[Work required] Everything in the records must be reproduced exactly, except for the pictures.

[Information shown]
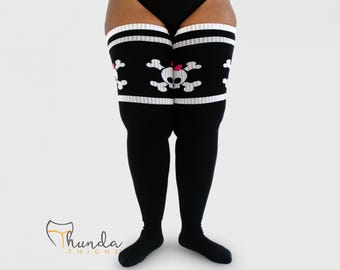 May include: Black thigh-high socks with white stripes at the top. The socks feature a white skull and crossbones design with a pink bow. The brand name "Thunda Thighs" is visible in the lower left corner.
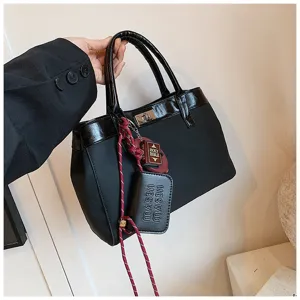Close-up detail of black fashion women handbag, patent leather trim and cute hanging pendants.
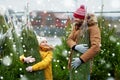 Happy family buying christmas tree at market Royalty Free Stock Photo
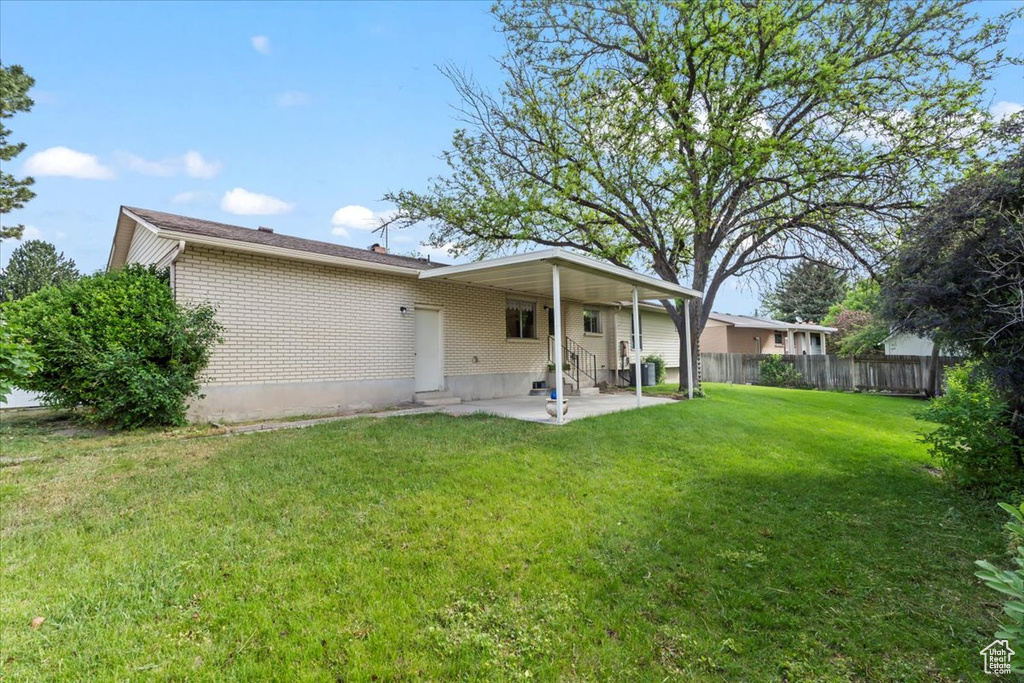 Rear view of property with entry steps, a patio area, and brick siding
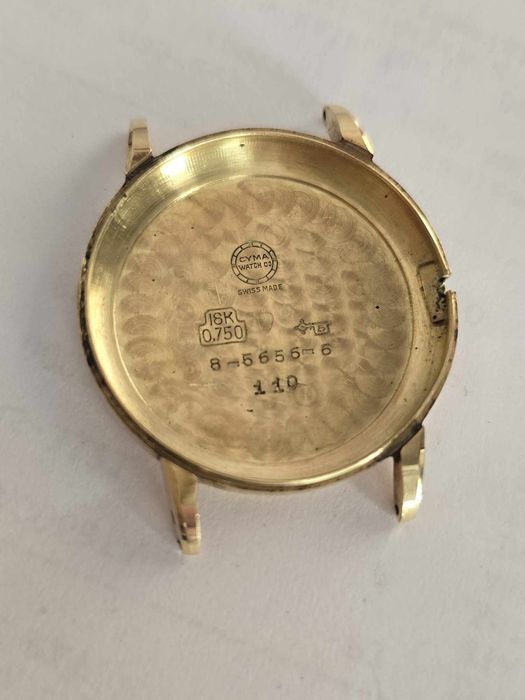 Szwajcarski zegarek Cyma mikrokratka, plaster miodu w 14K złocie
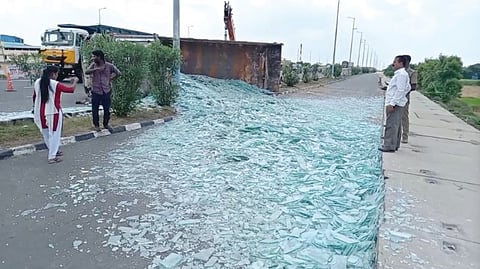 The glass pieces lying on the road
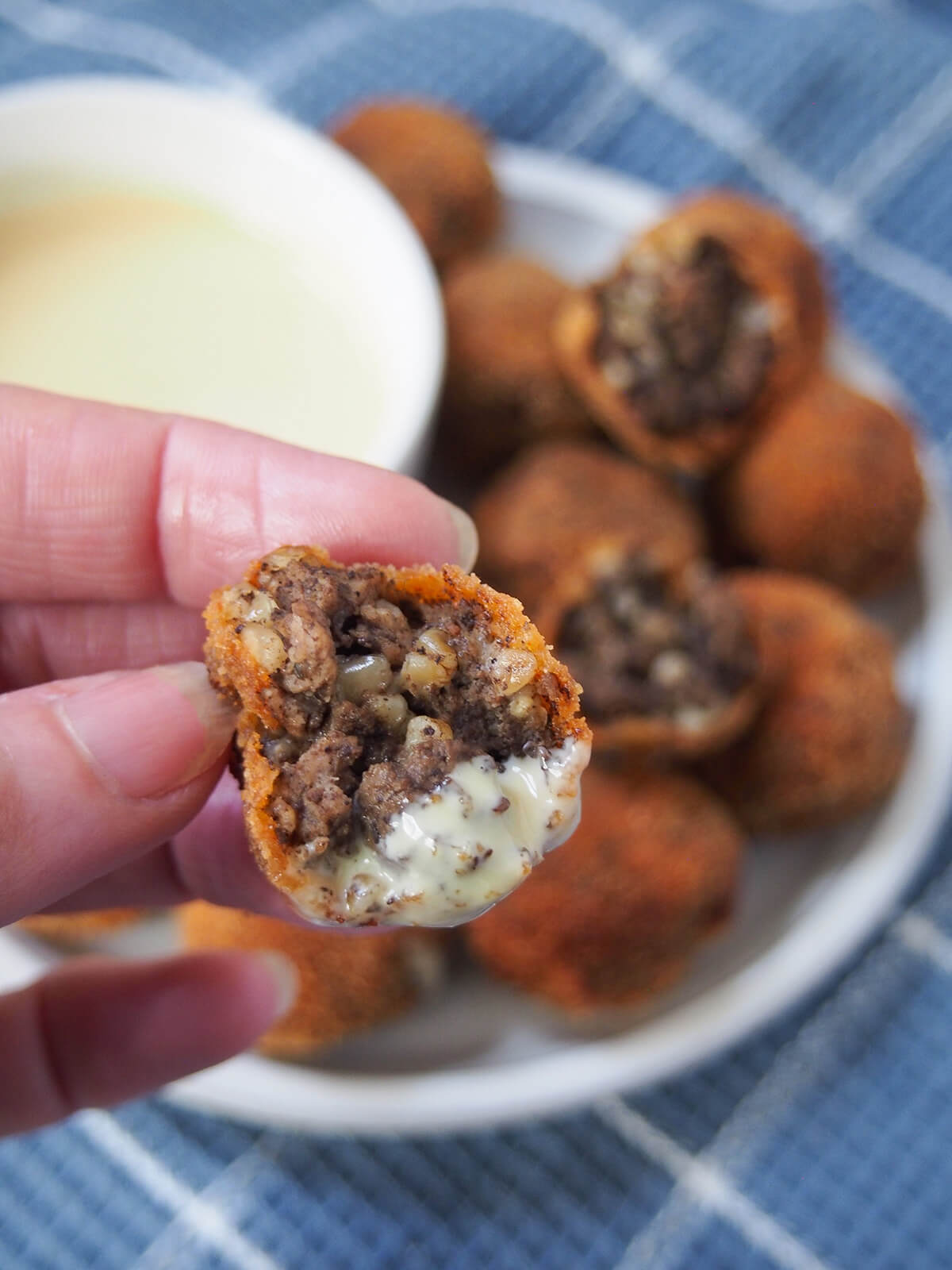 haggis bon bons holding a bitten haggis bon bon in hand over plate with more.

[Answer box]
 May include: Black thigh-high socks with white stripes at the top. The socks feature a white skull and crossbones design with a pink bow. The brand name "Thunda Thighs" is visible in the lower left corner.
Close-up detail of black fashion women handbag, patent leather trim and cute hanging pendants.
 Happy family buying christmas tree at market Royalty Free Stock Photo
 Rear view of property with entry steps, a patio area, and brick siding
 Szwajcarski zegarek Cyma mikrokratka, plaster miodu w 14K złocie
 The glass pieces lying on the road
 haggis bon bons holding a bitten haggis bon bon in hand over plate with more.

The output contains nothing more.